Directions: Retype exactly what runs from the first line of the data to the line with "Wonderful saturated blue", keeping both of those lines and skipping pictures.

Exercise data Block Start

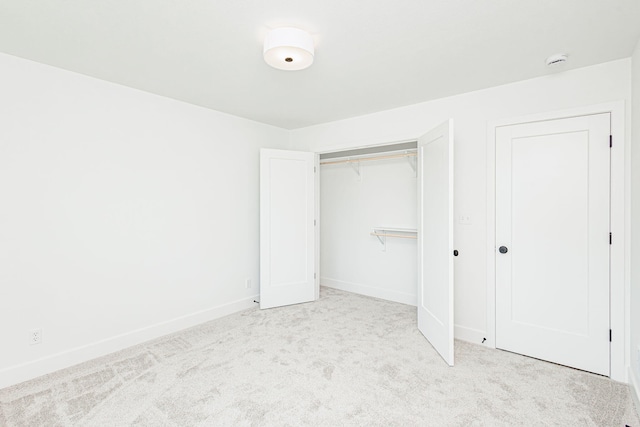 4505 Chambers Bay Dr, Columbia, MO 65201 - unfurnished bedroom with carpet, baseboards, and a closet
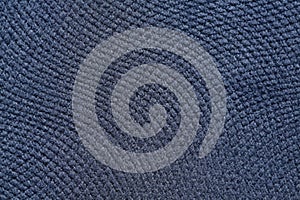 Wonderful saturated blue fabric texture for your unique project.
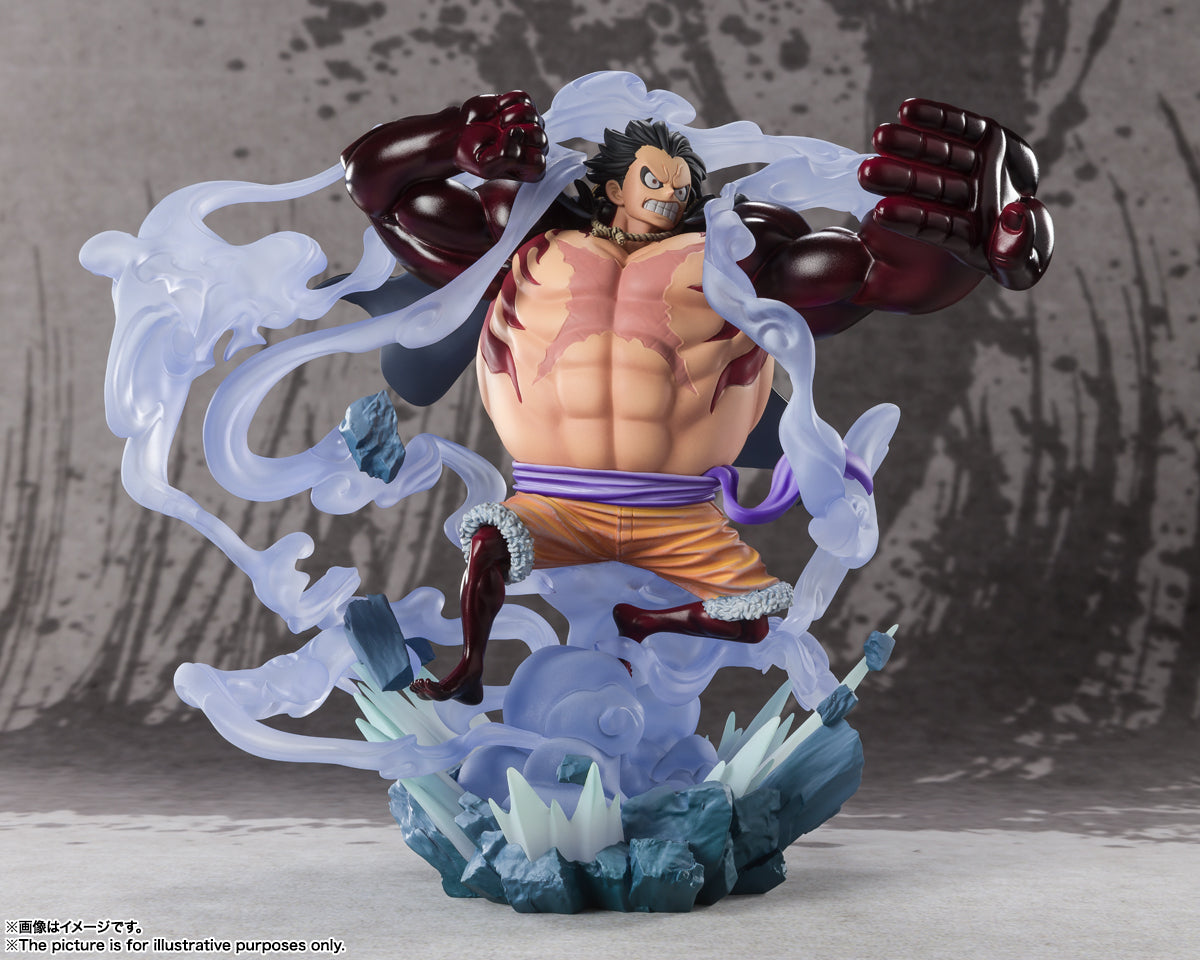 Figuarts ZERO (Super Fierce Battle) Monkey D. Luffy -Gear 4 Captain Onigashima Monster Battle- (Reissue)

Exercise data Block End

Output for this task:
 4505 Chambers Bay Dr, Columbia, MO 65201 - unfurnished bedroom with carpet, baseboards, and a closet
 Wonderful saturated blue fabric texture for your unique project.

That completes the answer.